Comunque credo che se la Catalonia avesse una autonomia tipo Euskadi ci sarebbero molto meno malcontento: sono solo stufi di essere munti da Madrid, ma non hanno mai bombaroleggiato (e poi dicono che il crimine non paga: sarà, ma Herri Batasuna + Eta come braccio armato qualcosa a casa l’hanno portato…)

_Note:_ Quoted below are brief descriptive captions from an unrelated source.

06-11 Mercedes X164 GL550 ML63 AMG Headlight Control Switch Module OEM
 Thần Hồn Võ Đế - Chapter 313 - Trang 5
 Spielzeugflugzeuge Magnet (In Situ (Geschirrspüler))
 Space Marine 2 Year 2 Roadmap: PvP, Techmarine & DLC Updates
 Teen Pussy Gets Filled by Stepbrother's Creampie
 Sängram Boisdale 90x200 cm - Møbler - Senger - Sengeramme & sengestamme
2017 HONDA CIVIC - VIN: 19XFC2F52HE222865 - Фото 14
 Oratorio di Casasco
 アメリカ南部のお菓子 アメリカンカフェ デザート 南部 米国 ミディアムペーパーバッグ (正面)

Proprio risibili, le differenze del punto “C”, non direi. Questo scritto, oggi, in Spagna non verrebbe censurato. All’epoca di Franco, sì. Comunque differenze insufficienti per un libertario, come insufficiente è l’istituzione democratica in sé. Il dio che ha fallito, un titolo azzeccatissimo per il celebre libro di Hoppe. Speriamo che un giorno si possa leggere di una “caduta degli idoli, parte seconda”. A sentire i discorsi comuni, questo giorno è di là da venire. Tra meno di un anno sarò sessantenne, difficilmente vedrò la terra promessa. Mosè e Aronne faranno senza di me. Io mi accontenterò di un piatto di lenticchie in cambio di non so quale progenitura.